All of lore.kernel.org
 help / color / mirror / Atom feed
* [PATCH] powerpc/64s: prevent recursive replay_soft_interrupts causing superfluous interrupt
@ 2021-01-23  6:12 Nicholas Piggin
  2021-01-27  8:32 ` Athira Rajeev
  2021-02-03 11:46 ` Michael Ellerman
  0 siblings, 2 replies; 3+ messages in thread
From: Nicholas Piggin @ 2021-01-23  6:12 UTC (permalink / raw)
  To: linuxppc-dev; +Cc: Athira Rajeev, Nicholas Piggin

When an asynchronous interrupt calls irq_exit, it checks for softirqs
that may have been created, and runs them. Running softirqs enables
local irqs, which can replay pending interrupts causing recursion in
replay_soft_interrupts. This abridged trace shows how this can occur:

! NIP replay_soft_interrupts
  LR  interrupt_exit_kernel_prepare
  Call Trace:
    interrupt_exit_kernel_prepare (unreliable)
    interrupt_return
  --- interrupt: ea0 at __rb_reserve_next
  NIP __rb_reserve_next
  LR __rb_reserve_next
  Call Trace:
    ring_buffer_lock_reserve
    trace_function
    function_trace_call
    ftrace_call
    __do_softirq
    irq_exit
    timer_interrupt
!   replay_soft_interrupts
    interrupt_exit_kernel_prepare
    interrupt_return
  --- interrupt: ea0 at arch_local_irq_restore

This can not be prevented easily, because softirqs must not block hard
irqs, so it has to be dealt with.

The recursion is bounded by design in the softirq code because softirq
replay disables softirqs and loops around again to check for new
softirqs created while it ran, so that's not a problem.

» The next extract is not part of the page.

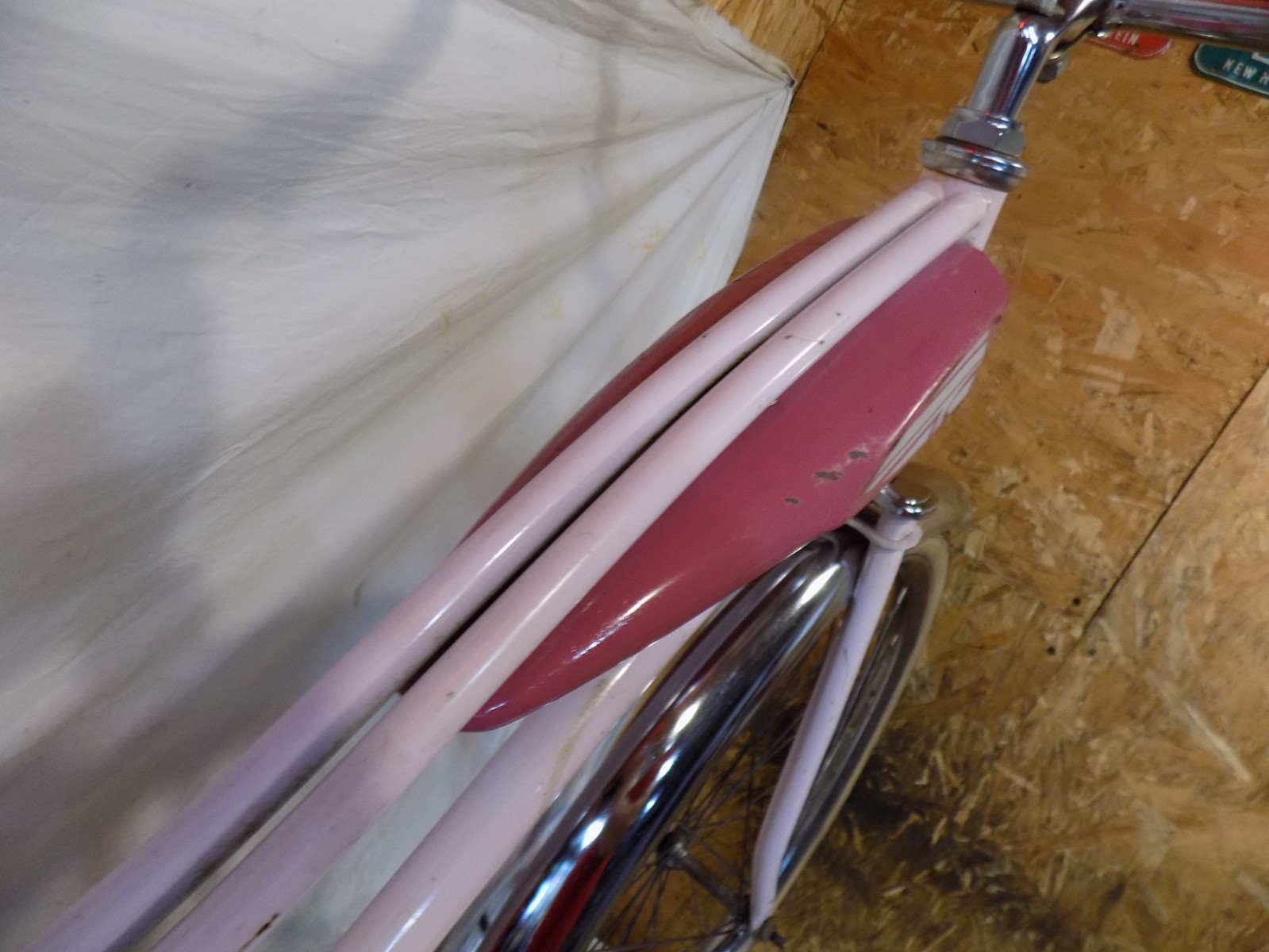 1960s ROLLFAST PINK LADIES TANK BIKE JC HIGGINS MURRAY JET RACK VINTAGE CUTE!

However it does mess up interrupt replay state, causing superfluous
interrupts when the second replay_soft_interrupts clears a pending
interrupt, leaving it still set in the first call in the 'happened'
local variable.

Fix this by not caching a copy of irqs_happened across interrupt
handler calls.

Fixes: 3282a3da25bd ("powerpc/64: Implement soft interrupt replay in C")
Signed-off-by: Nicholas Piggin <npiggin@gmail.com>
---
It's actually very tricky / practically impossible to prevent softirqs
from being run like my previous attempt tried to do, when you really
get into details. Certainly not for a fix. I might try to attempt that
some time in future, but it would require kernel/softirq.c changes and
what we do now isn't conceptually different from architectures without
soft-masking, it's just another complexity to the complex soft-masking
code.

Anyway this hopefully fixes the PMU bug, but as I said I couldn't
reproduce it with your test case so it would be good if you could
give it a test.

Thanks,
Nick

 arch/powerpc/kernel/irq.c | 28 ++++++++++++++++------------
 1 file changed, 16 insertions(+), 12 deletions(-)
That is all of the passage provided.